INSTRUCTIONS FOR THE TASK - Scan the records below for the line with "QR code for plate 500-ZIE" and the line with "202505251056-_DSC5544_d1_", and retype that range exactly, both ends included, pictures excepted.

Captioned web image data -
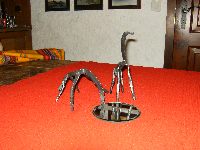 girafes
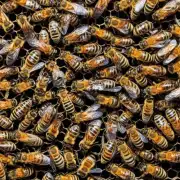 蜜蜂蜂房有多少斤重?
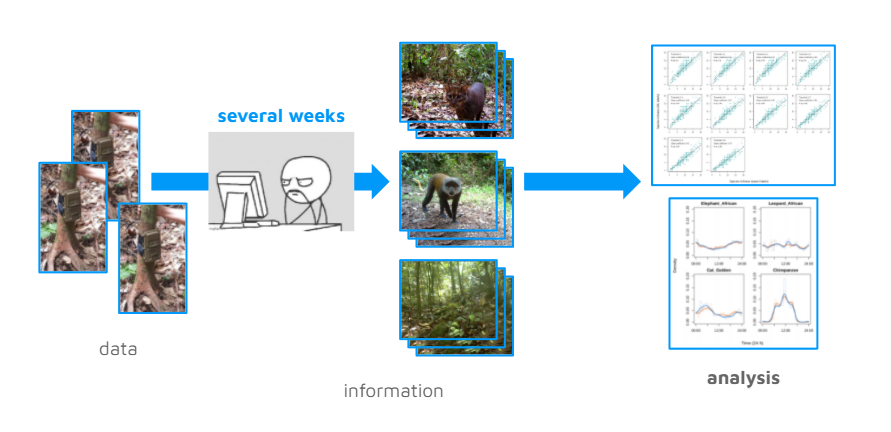 Simplified workflow for manual identification of camera trap imagery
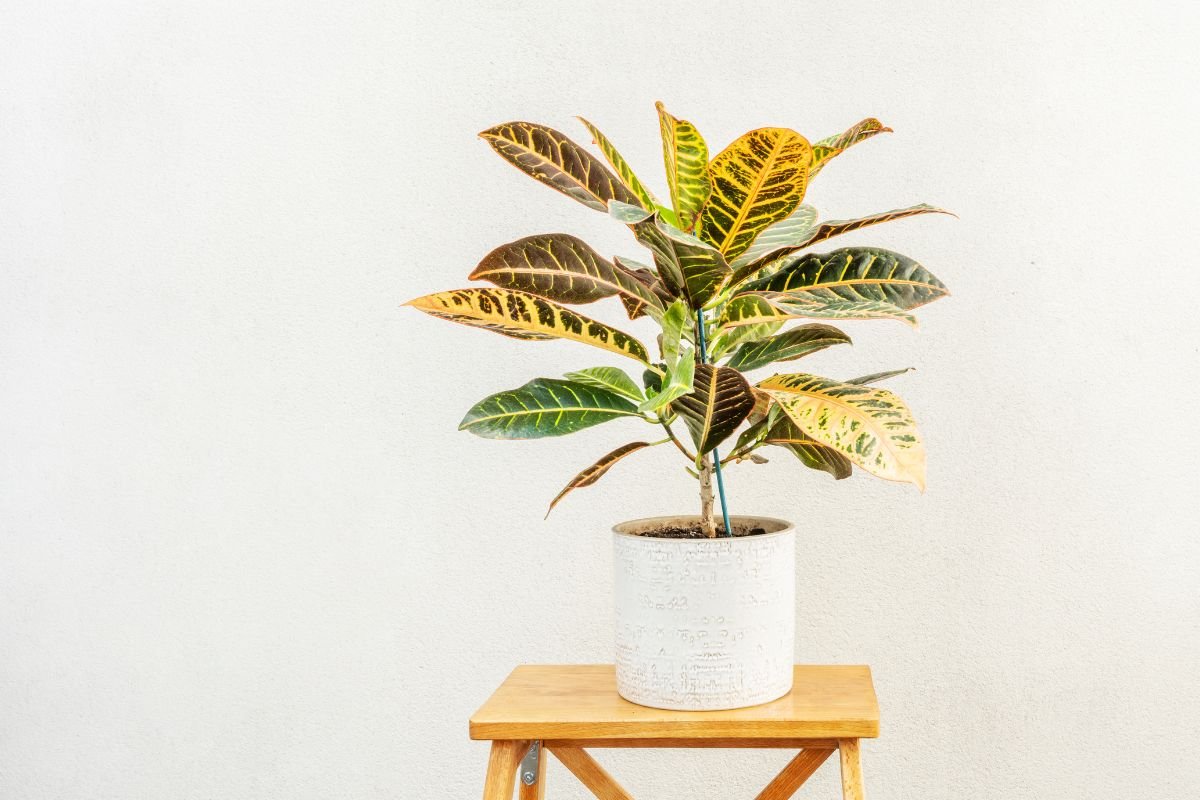 Planta 2 de Julho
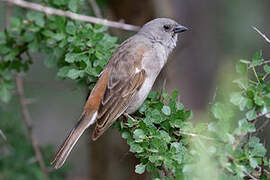 Swahili Sparrow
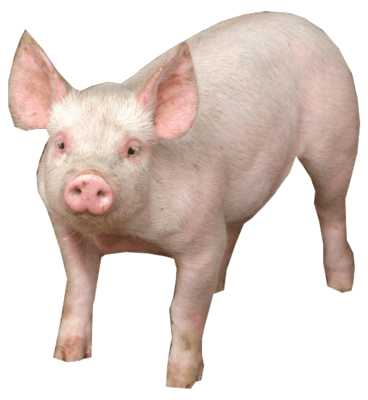 pig png - Google Search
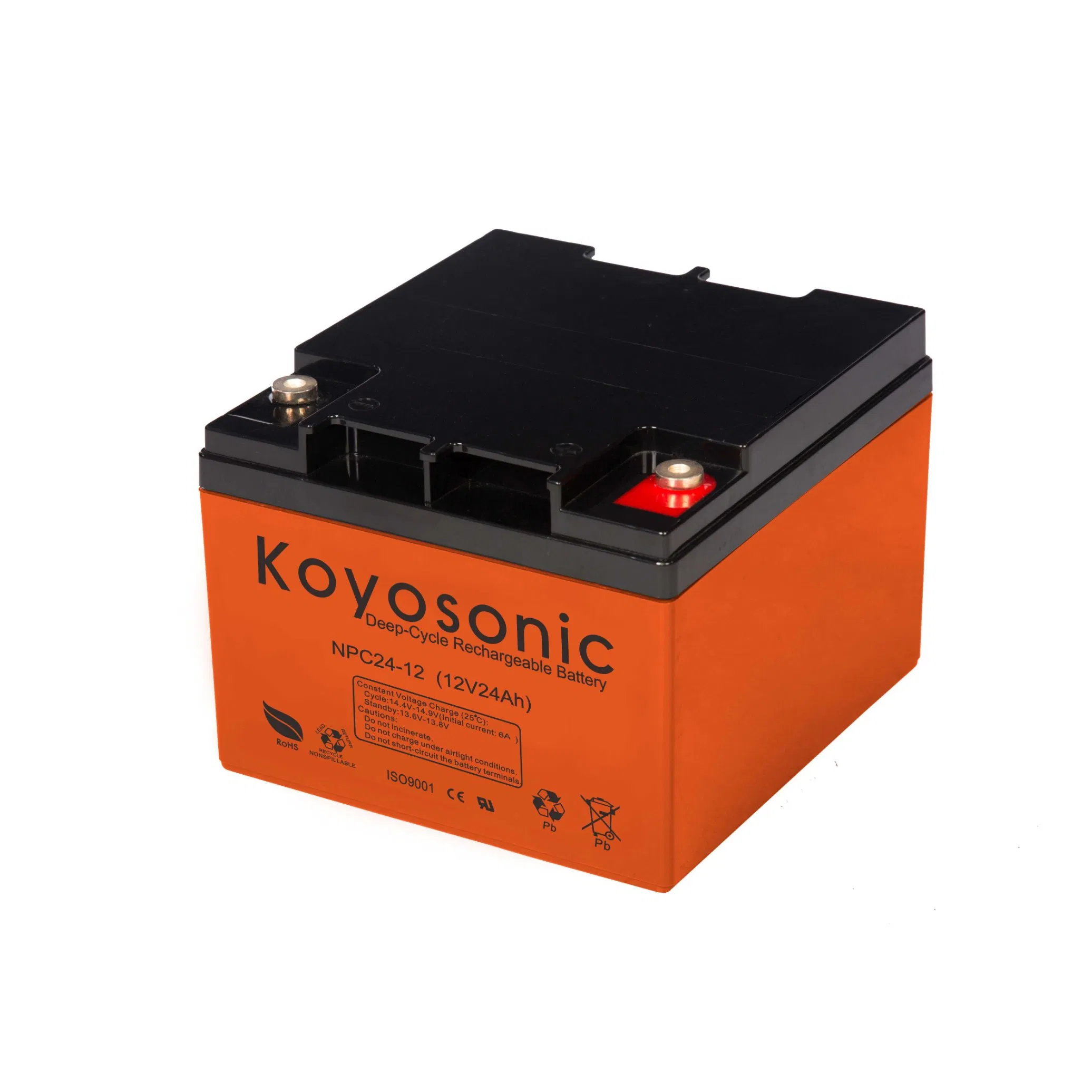 Valve-Regulated Lead Acid-Rechargeable Deep Cycle Battery 12V 24ah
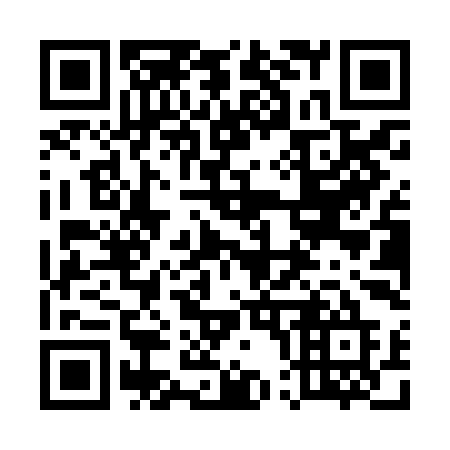 QR code for plate 500-ZIE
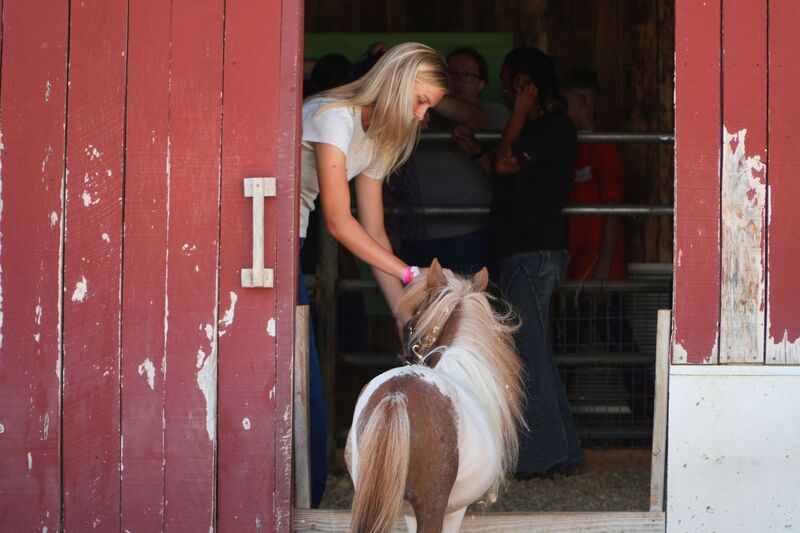 A female student pets a mini horse in a red barn.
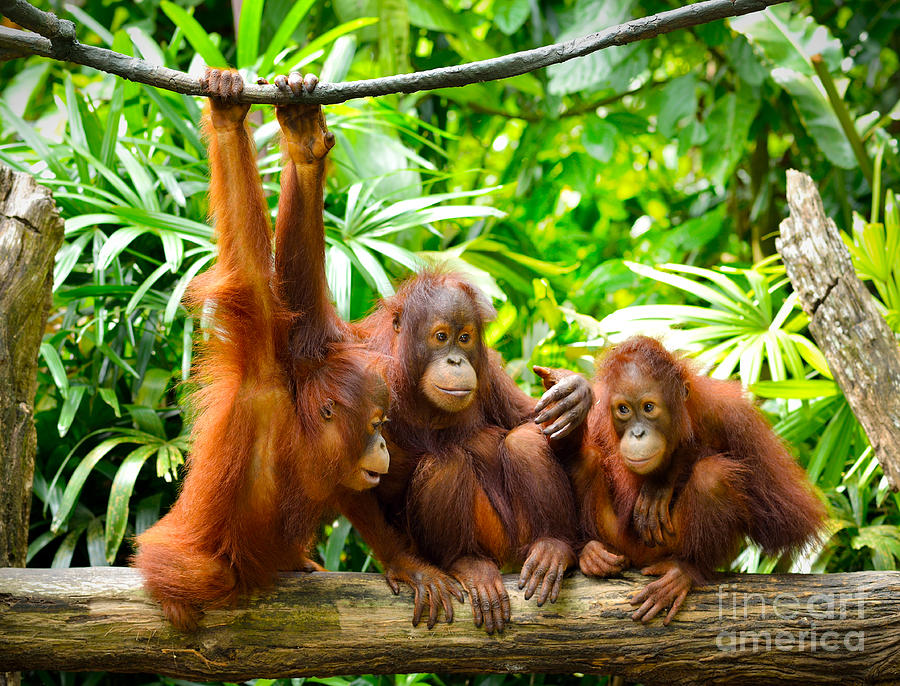 Fur Photograph - Close Up Of Orangutans Selective Focus by Tristan Tan Fur Photograph - Close Up Of Orangutans Selective Focus by Tristan Tan
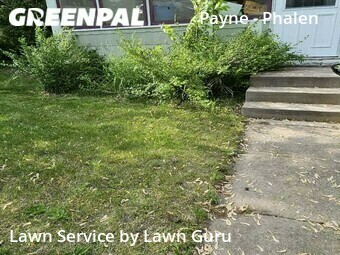 Yard Cutting nearby Saint Paul, MN, 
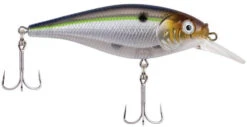 Berkley Flicker Shad Shallow Crankbait -Vis en Kleding Shop 39767093018713
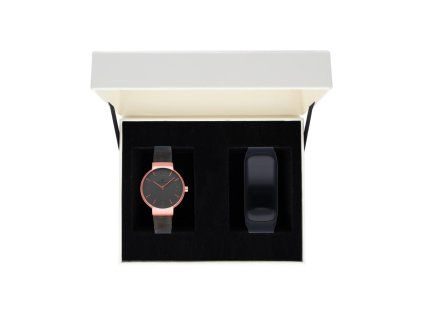RA528601T
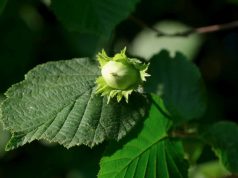 La nocciola di Giffoni protagonista al sentato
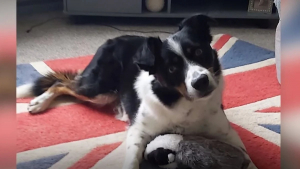 Illustration : "Ce maître est particulièrement fier de son Border Collie, qui possède une mémoire incroyable (vidéo)"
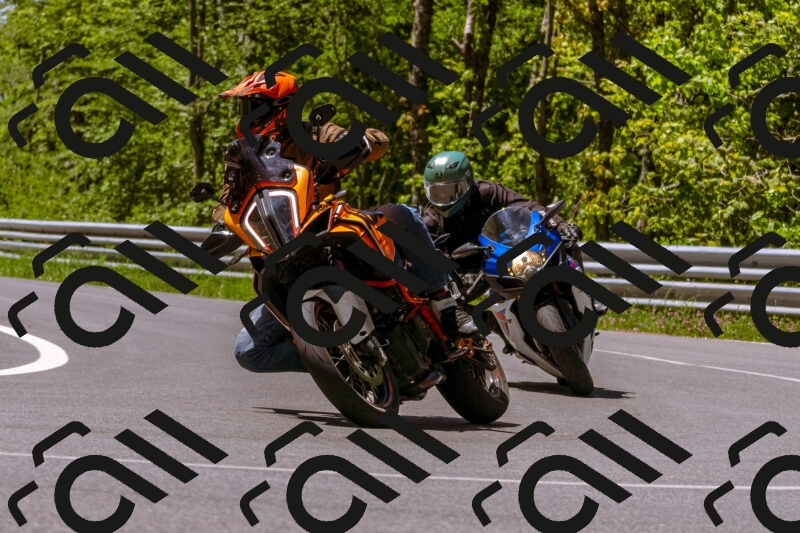 202505251056-_DSC5544_d1_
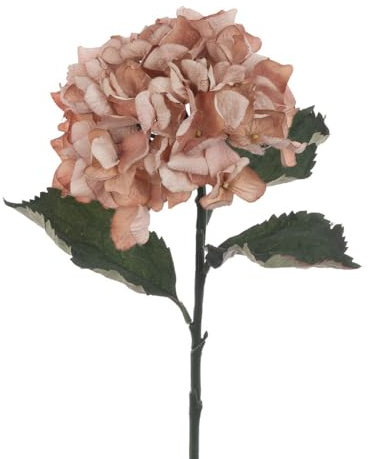 FloristryWarehouse ECO - Hortensia de seda sintética producida de forma sostenible, 60 cm de alto, color beige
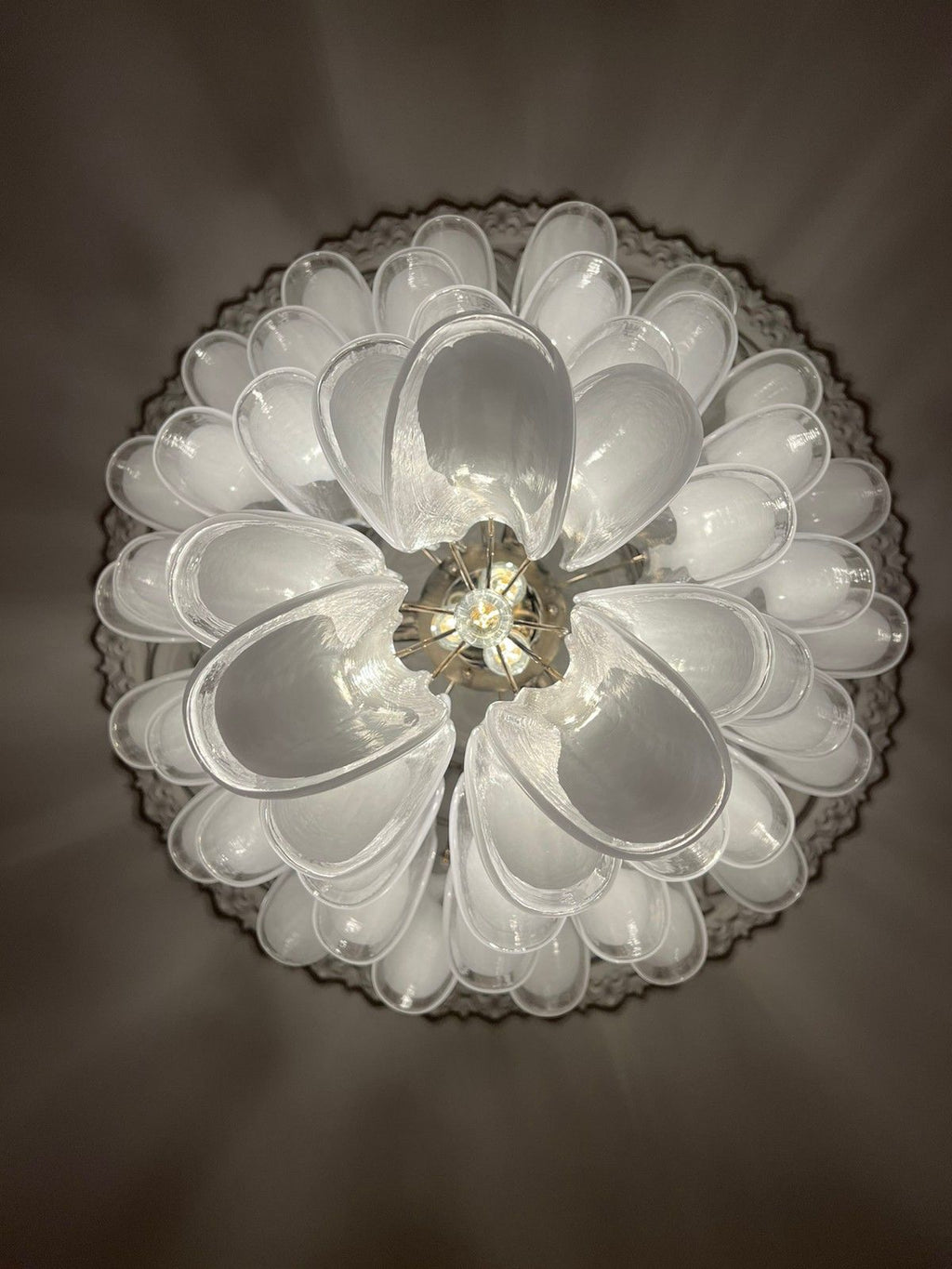 Mid-Century Murano Chandelier | Punto di Luce |  52 White Petal Glass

ANSWER FOR THE TASK -
 QR code for plate 500-ZIE
 A female student pets a mini horse in a red barn.
 Fur Photograph - Close Up Of Orangutans Selective Focus by Tristan Tan Fur Photograph - Close Up Of Orangutans Selective Focus by Tristan Tan
 Yard Cutting nearby Saint Paul, MN, 
 Berkley Flicker Shad Shallow Crankbait -Vis en Kleding Shop 39767093018713
RA528601T
 La nocciola di Giffoni protagonista al sentato
 Illustration : "Ce maître est particulièrement fier de son Border Collie, qui possède une mémoire incroyable (vidéo)"
 202505251056-_DSC5544_d1_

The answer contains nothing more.